Unlike the panettone, Pandoro seems to have been invented in Venezia or Verona. In fact, it was in Verona, and precisely in 1884, that Domenico Melegatti started producing and selling Pandoro as we know it today.
As for the recipe, there are no raisins nor candied fruits, only vanilla along with sugar, eggs, butter, flour, and icing sugar. Speaking of flour, regular flour 00 is used, unlike panettone that uses Manitoba flour. Pandoro, like panettone, requires a double dough method and almost as many hours to rise.
If you haven’t tried either, don’t try to decide which one to try. You have to try both panettone and pandoro. Buy both, serve both, and let yourself and your guests pick your favourite. Like Panettone, there are different types of Pandoro, with different fillings. My suggestion is to start with a high quality traditional plain option. Remember pandoro is already heavily iced with sugar, so the simpler the inside the better.
Panettone: how to choose the best one
I am going to end this post with the answer to your question. I hope you got some useful information throughout the article.
There are many types of panettone you can choose from. Here’s a list:
- Panettone with raisins, and candied fruits, covered with pieces of sugar.

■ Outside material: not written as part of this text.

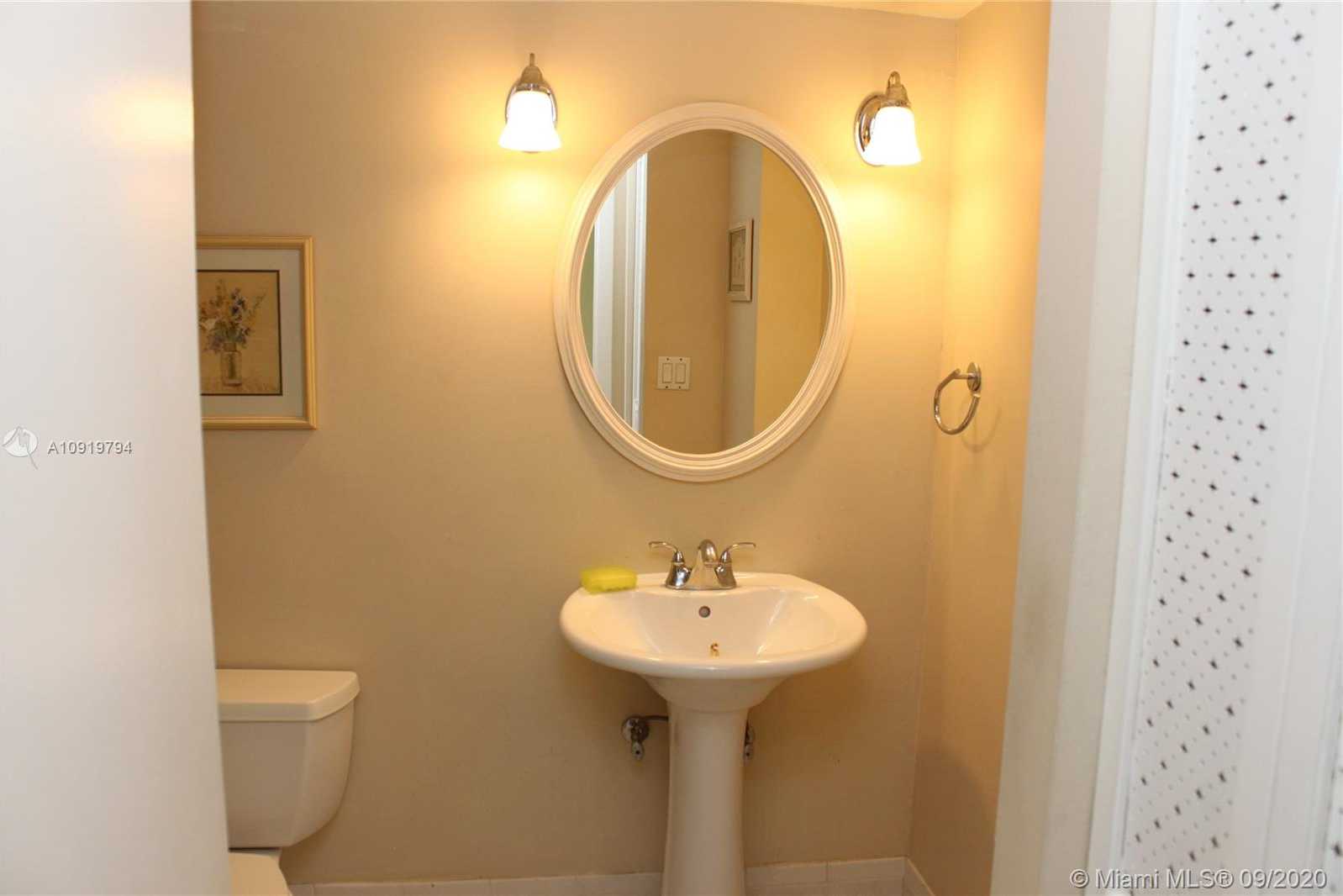 Small Image of 3301 NORTH COUNTRY CLUB DR #301, Aventura Number 9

- Panettone with raisins, and covered in sugar, without candied fruits
- The low-rise Panettone Torinese finished with a top layer of crunchy almonds
- Panettone with cream of chocolate
- Panettone with rhum and other liquors
- Our Panettone with a Cream of Gold Balsamic Vinegar of Modena IGP
- Panettone with pistachios and pistachio cream
Which one you choose depends on your preferences. Something else that you should keep in mind when choosing a panettone is who is going to eat it. You probably don’t want to give your small kids a rhum panettone. What do your guests like? Do they like candied peels and raisins, or do they prefer chocolate?
These are the questions to ask.
If on the other hand, you are going to enjoy panettone on your own, why not try different types, and then choose your favourite?
When gifting panettone, a gourmet one like Our Panettone with Cream of Modena Balsamic IGP is a great choice. It’s a classic with a twist and you’ll be gifting something that your friends have never tried before.